Federal grant funds enable hundreds of AmeriCorps volunteers to continue serving West Virginia communities

By CHARLES YOUNG

The Exponent Telegram

CLARKSBURG, W.Va.  — Thanks to millions of dollars in federal grant funding, hundreds of AmeriCorps volunteers in West Virginia will have the financial resources to continue serving communities around the state.

The $5.4 million grant — which comes from the Corporation for National and Community Service — was announced by Sens. Shelley Moore Capito and Joe Manchin.

“In West Virginia, we have a long tradition of neighbors helping neighbors,” Manchin said. “I am pleased that AmeriCorps members and organizations throughout our state will be receiving resources to ensure that community service continues to improve families and communities in our state.”

The grant will support the work of 655 AmeriCorps volunteers working for four programs under the umbrella of the Volunteer West Virginia organization.

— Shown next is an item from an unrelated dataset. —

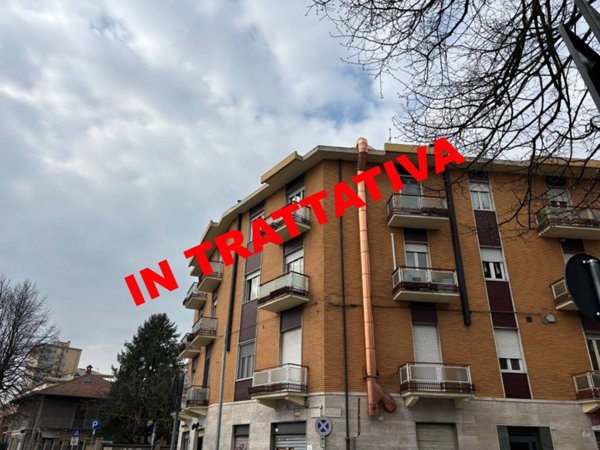 appartamento in vendita a Collegno in zona Leumann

The individual organizations are: the Energy Express program through West Virginia University’s Extension Service, the Appalacian Forest Heritage Area, the Education Alliance and the LifeBridge AmeriCorps program through the United Way of Central West Virginia.

Logan Smith, the AmeriCorps supervisor for the Appalachian Forest Heritage area, said his organization’s portion of the grant funding will be used to employ 40 AmeriCorps volunteers working in 16 counties.

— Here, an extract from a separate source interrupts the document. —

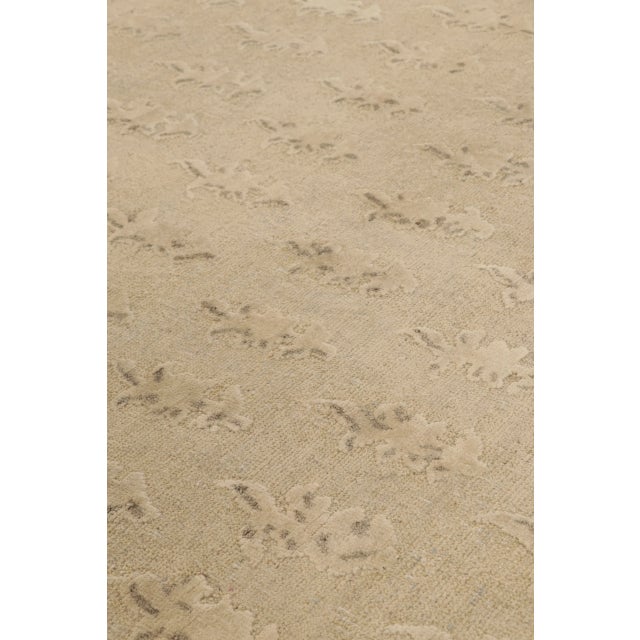 Late 20th Century Contemporary Block Print Floral Beige Natural Silk Rug by Rug & Kilim, India For Sale - Image 5 of 7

“We support organizations and projects that are doing heritage tourism, community development, conservation and historic preservation,” he said.

The Appalachian Forest Heritage Area has employed AmeriCorps volunteers for the past 10 years, but the organization has always struggled raise enough money to support its work. Now, with the addition of the grant funding, things will be much easier, Smith said.

“Before, we have been fairly underfunded,” he said. “Now, we are able to actually deploy that support out to our organizations.”

Amelia Courts, president and CEO of the Education Alliance, said the student mentor program will use the grant funds to facilitate the service of 35 AmeriCorps volunteers working in various schools across the state.

“Our AmeriCorps program focuses on drop out prevention at schools,” she said. “They provide more than 27,000 hours of volunteer service each year, where they directly mentor at-risk students and help them successfully complete high school.”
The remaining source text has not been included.